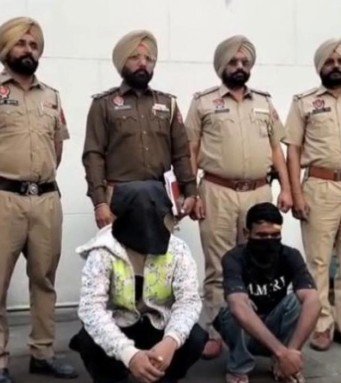 ਸਮਰਾਲਾ ਜਾਣ ਲਈ ਬੁੱਕ ਕੀਤੀ ਕੈਬ ਰਸਤੇ ’ਚ ਖੋਹੀ , ਪੁਲਿਸ ਨੇ 2 ਦੋਸ਼ੀਆਂ ਨੂੰ ਗ੍ਰਿਫ਼ਤਾਰ ਕਰਕੇ ਕੈਬ ਕੀਤੀ ਬਰਾਮਦ ਸਮਰਾਲਾ ਜਾਣ ਲਈ ਬੁੱਕ ਕੀਤੀ ਕੈਬ ਰਸਤੇ ’ਚ ਖੋਹੀ , ਪੁਲਿਸ ਨੇ 2 ਦੋਸ਼ੀਆਂ ਨੂੰ ਗ੍ਰਿਫ਼ਤਾਰ ਕਰਕੇ ਕੈਬ ਕੀਤੀ ਬਰਾਮਦ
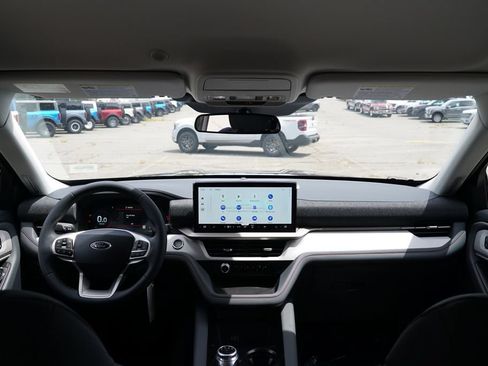 New 2026 Ford Explorer Active AWD/4WD image 13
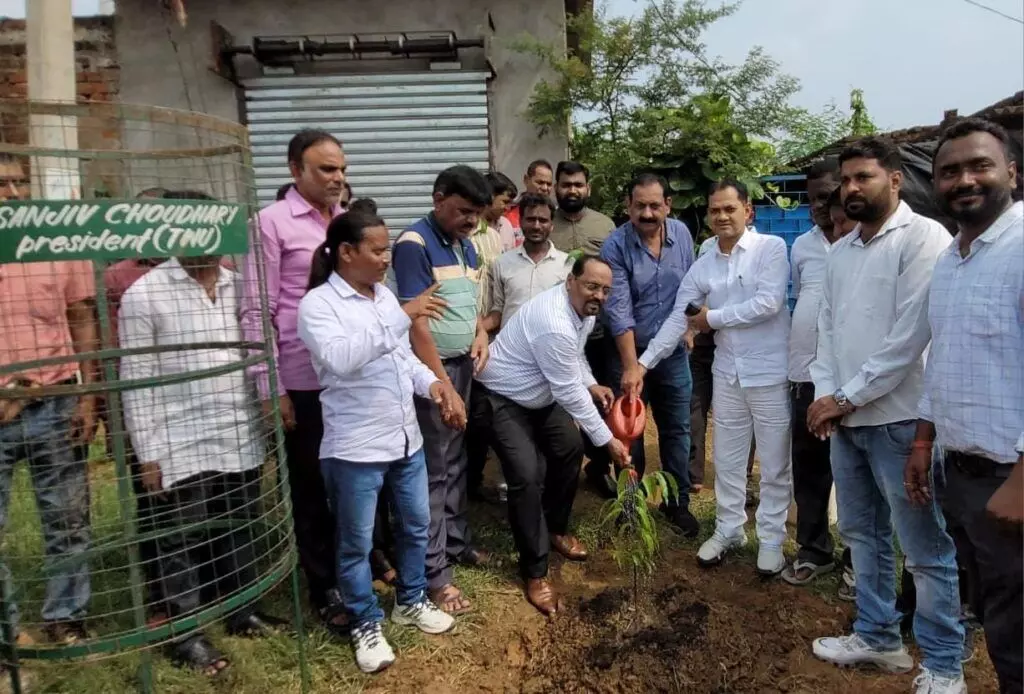Adityapur : नागरिक समन्वय समिति ने किया पौधरोपण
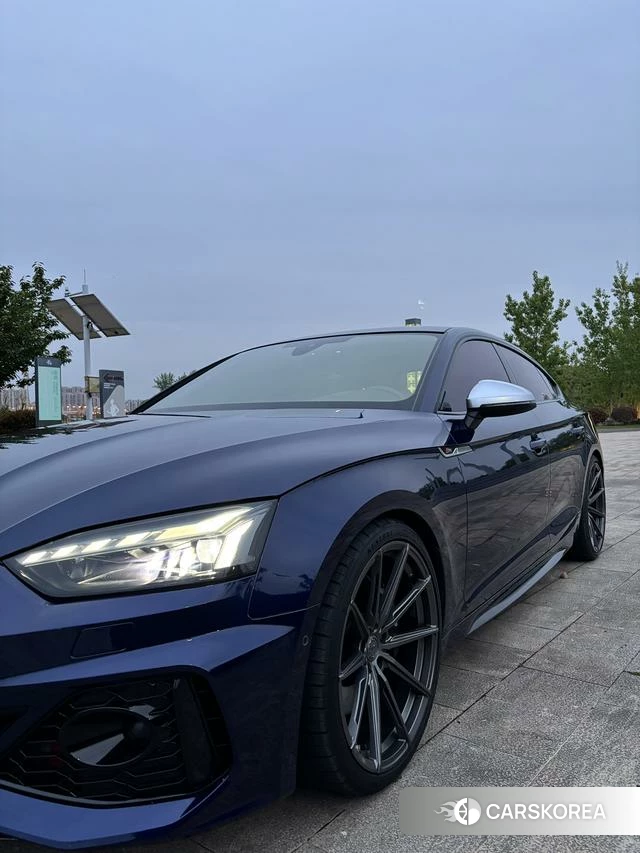 Audi S5 2021 Синий из Китая, фото 2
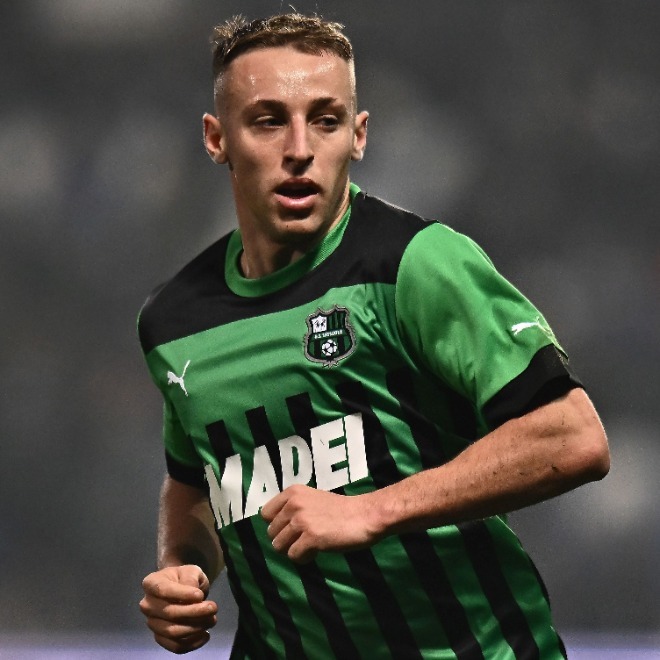 ✨希少・入手困難✨イタリア サッカー 100周年記念メダル sddefault.jpg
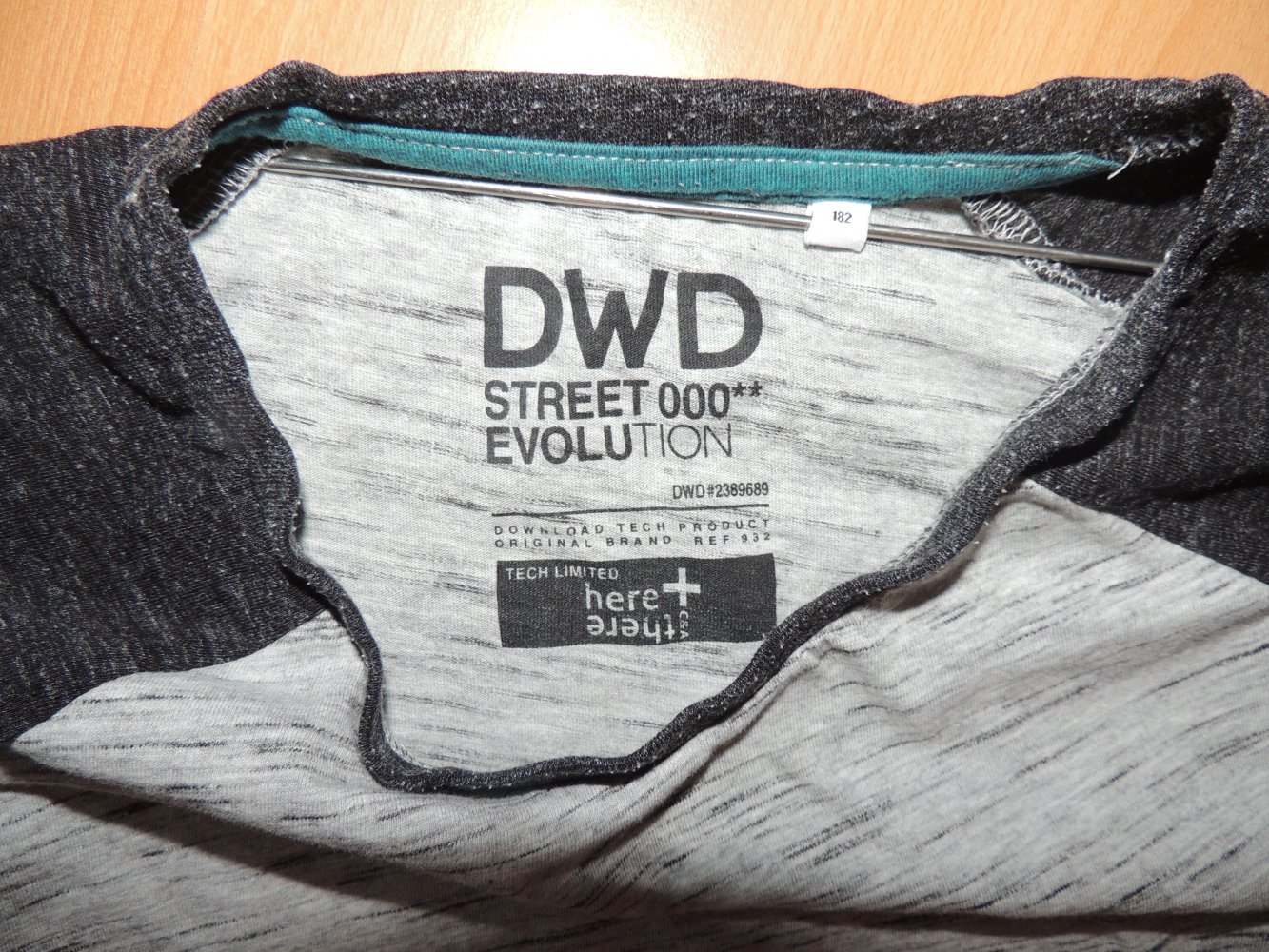 Basic Langarmshirt in 182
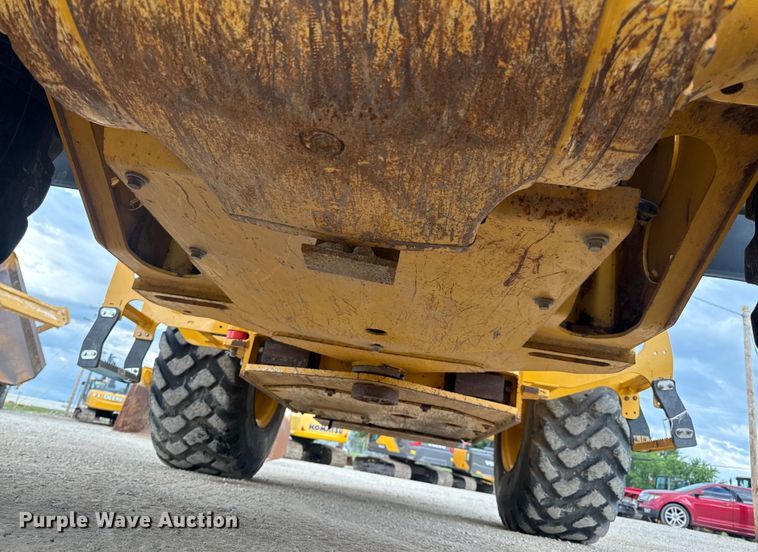 image for item DL4417 2019 John Deere 624L  wheel loader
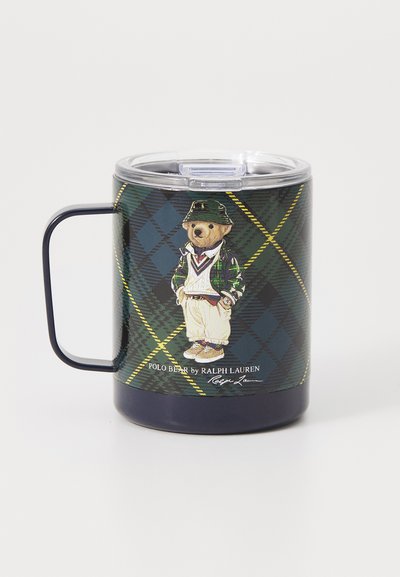 Cana în carouri verde închis cu mâner, având un ursuleț îmbrăcat în pălărie de tip bucket, vestă și adidași, inscripționat "Polo Bear by Ralph Lauren."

━━━

Write the lines from the one containing "Basic Langarmshirt in 182" through the end of the data above exactly as they appear, and do not carry over any picture.

> Response to the exercise:
 Basic Langarmshirt in 182
 image for item DL4417 2019 John Deere 624L  wheel loader
 Cana în carouri verde închis cu mâner, având un ursuleț îmbrăcat în pălărie de tip bucket, vestă și adidași, inscripționat "Polo Bear by Ralph Lauren."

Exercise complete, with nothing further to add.